Robots Can Be Great Mental Health Coaches, But Only If They Appear Relatable: Study
Can robots be good mental health coaches? Scientists say these machines can help improve people’s mental well-being at work, but on condition that the employees like their appearance.
Researchers at the University of Cambridge carried out a four-week-long study in a tech consultancy firm with 26 participants. The results showed that although the robots had identical voices, facial expressions and scripts for the sessions, their physical appearance greatly impacted how the participants responded to the coaching.
Two kinds of robots, a toy-like one and its humanoid counterpart, elicited different responses from the participants. The employees said they could relate better with the former, Tech Explore reported. Based on the findings, researchers concluded that what piqued people’s interest was the simplistic appearance of the toy-like robot, which made it easier to communicate with. On the contrary, participants who worked with the human-like robot found their expectations didn’t match reality.

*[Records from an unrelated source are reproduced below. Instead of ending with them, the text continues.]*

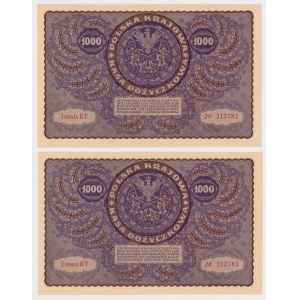 1.000 marek 1919 Sierpień - I Serja BY (Mił.29b) - numery kolejne (2szt)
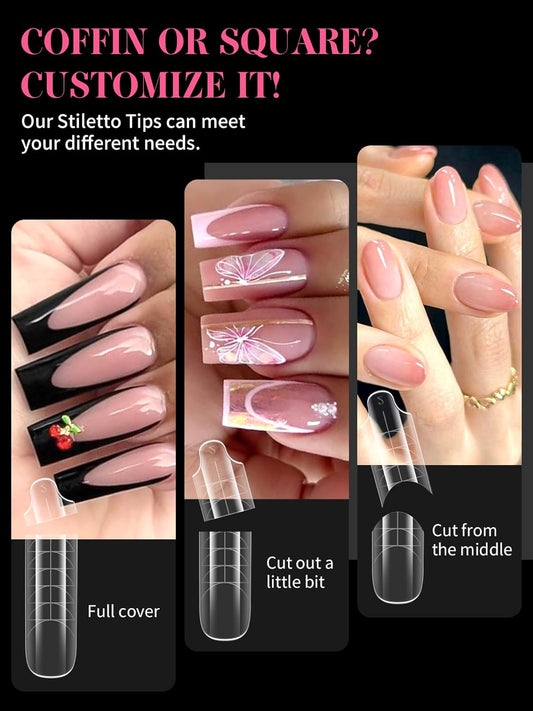 EBANKU Dual Nail Forms for Poly Extension Gel, 150 PCS Clear Square Nail Molds Reusable 15 Sizes Nail Extension Forms for Builder Gel Manicure Design Salon DIY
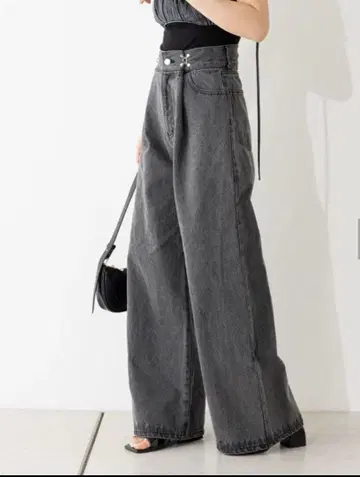 Chico 박스턱 와이드 데님 팬츠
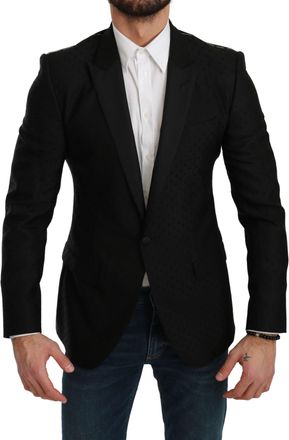Dolce & Gabbana Mens Black Slim Fit Coat Jacket Martini Blazer Virgin Wool Rayon Clothing
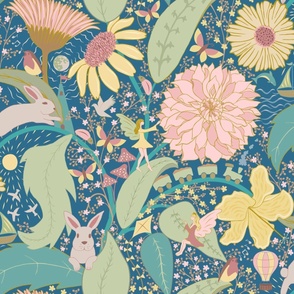 Hidden Whimsy - Flowers, Fairies - Pink, Yellow and Blue - Large Scale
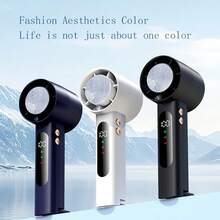 Ventilador de mão com refrigerador de gelo, ventilador pessoal recarregável de 3000 mAh, velocidade ajustável de 0 a 100, supermini e potente, ventilador de mão portátil para viagens, atividades ao ar livre, escritório, trabalho, cor marfim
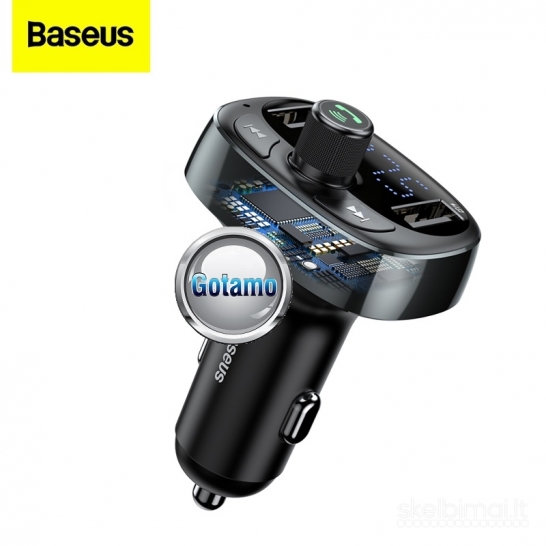 664 FM moduliatorius Baseus T su 12W lizdu įkrovimui WWW.GOTAMO.LT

Experts said people’s perception of robots was largely shaped by pop culture, which fostered high-end expectations that robots could do extraordinary things. This is the reason why people are largely disappointed when they meet a robot in the real world. Despite the differences between expectations and reality, experts said robots can be a useful tool in promoting mental health awareness in workplaces.
The results of the study will be presented at the ACM/IEEE International Conference on Human-Robot Interaction in Stockholm on March 15, reported Science Daily.
The use of robots as means of promoting workplace mental health is recommended by the World Health Organization (WHO) also. But there are fewer examples of the real-time implementation of the practice and the research is still largely limited to laboratories due to a lack of resources.
“We wanted to take the robots out of the lab and study how they might be useful in the real world,” said Dr. Micol Spitale, the paper’s first author.
“We interviewed different well-being coaches and then we programmed our robots to have a coach-like personality, with high openness and conscientiousness,” said co-author Minja Axelsson. “The robots were programmed to have the same personality, the same facial expressions and the same voice, so the only difference between them was the physical robot form.”
“Our perceptions of how robots should look or behave might be holding back the uptake of robotics in areas where they can be useful,” Axelsson added.